The rise and rise of AI text-to-image generators
I was young when I first listened to the song Video Killed the Radio Star by the Buggles. I thought it was a fun and catchy song, almost like a jingle, even though I had no idea what the song was all about. But that was ok, I was just a young boy listening to the radio and watching videos on VCR machines. I didn’t really pay much attention to the title or the lyrics.
It was much later I realised what the lyrics actually meant.
Video killed the radio star
Video killed the radio starIn my mind and in my car
We can’t rewind, we’ve gone too far
Pictures came and broke your heart
Put the blame on VCRVideo Killed the Radio Star (Downes/Woolley/Horn)
The song was part of the Age of Plastic album, which had themes of nostalgia, anxiety of the effects of modern technology. While the album was released more than 40 years ago (it was released in 1980) these themes still ring true and clear.
You know a technology has made it to the big leagues when TikTok starts rolling it out in their app. Just this week alone I have read several top 10 lists of AI text-to-image generators. The technology is blistering hot and models and startups are mushrooming overnight.

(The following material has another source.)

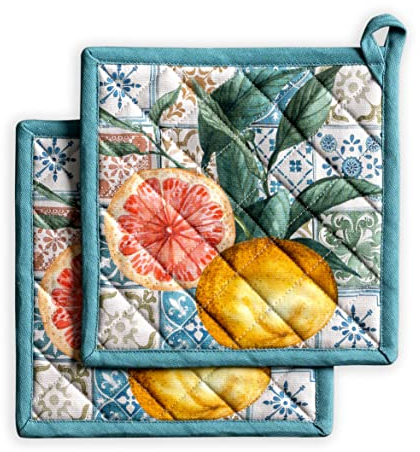 Maison d' Hermine Pot Holders set 100% Cotton Heat Resistant Potholders 20 cm x 20 cm Hot Pads with Loop BBQ, Cooking, Baking, Grilling, Handling Hot Pans Spring/Summer (Pack of 2, Agrume)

Entire ways of thinking are being overthrown every other week or month, yesterday’s mind-blowing technology is today’s old news.
The most well-known text-to-image AI model is of course, OpenAI’s Dall-E, released in January 2021. OpenAI released another model, GLIDE (it’s ok, I’ll talk about acronyms later), in December 2021 and not long after, Dall-E 2 was announced in April 2022. The pace of release is break-neck, to say the least.

Google’s highly-anticipated Imagen, was announced in June 2022 and even though it’s not released yet, legions of media reports started extolling how it completely outperformed the king-of-the-hill Dall-E 2. Meta (Facebook) announced their text to image tool, Make-A-Scene in July 2022. Make-a-Scene is a bit different from the others in as it allow users to supplement text prompts with a simple sketch if they choose.
Even Microsoft has jumped on the bandwagon and announced NUWA-Infinity, an AI model that can generate high-quality images and videos from any given text, image or video input.
Yes, video.
The big companies don’t have a monopoly over the text-to-image gold rush though. There are plenty of small startups in the same space. Midjourney is a small startup/research lab (less than 10 people) that has a popular following of users who uses its tools to generate art pieces. It went open beta in July 2022.
NightCafe is another popular tool, based out of Australia. The company started in November 2019 as a neural style-transfer application but when the newer AI models came on the scene in mid-2021, they quickly switched over to them and today it boasts of having created over 5 million artworks on its platform.
The new darling of small AI text-to-image startups must be Stability AI. It went open beta in August 2022 and is closely tied to the new and powerful stable diffusion text-to-image AI model that it sponsored, developed by the Ludwig Maximillian University of Munich. Stability AI took a step further from the other small startups by not only having its own powerful AI model, but it also took the bold step of releasing the model as open source.
The new stable diffusion model is not the only open source model though.
On June 6, Hugging Face, a company that hosts open source AI projects and applications, suddenly saw traffic to an AI text-to-image application it hosted, called Dall-E mini, explode. Dall-E mini, as the name suggests, is a take on the Dall-E model.
The application was a simple one — it just creates 9 images out of a text prompt. What made it wildly popular was that it was available and it was free, unlike its original namesake Dall-E, which required a waitlist to join a beta. It very quickly hit 50,000 images a day, forcing eventually the creators to move the application out of Hugging Face altogether. It even had to change its name (to Craiyon) when OpenAI started noticing and was uncomfortable with the use of the Dall-E name.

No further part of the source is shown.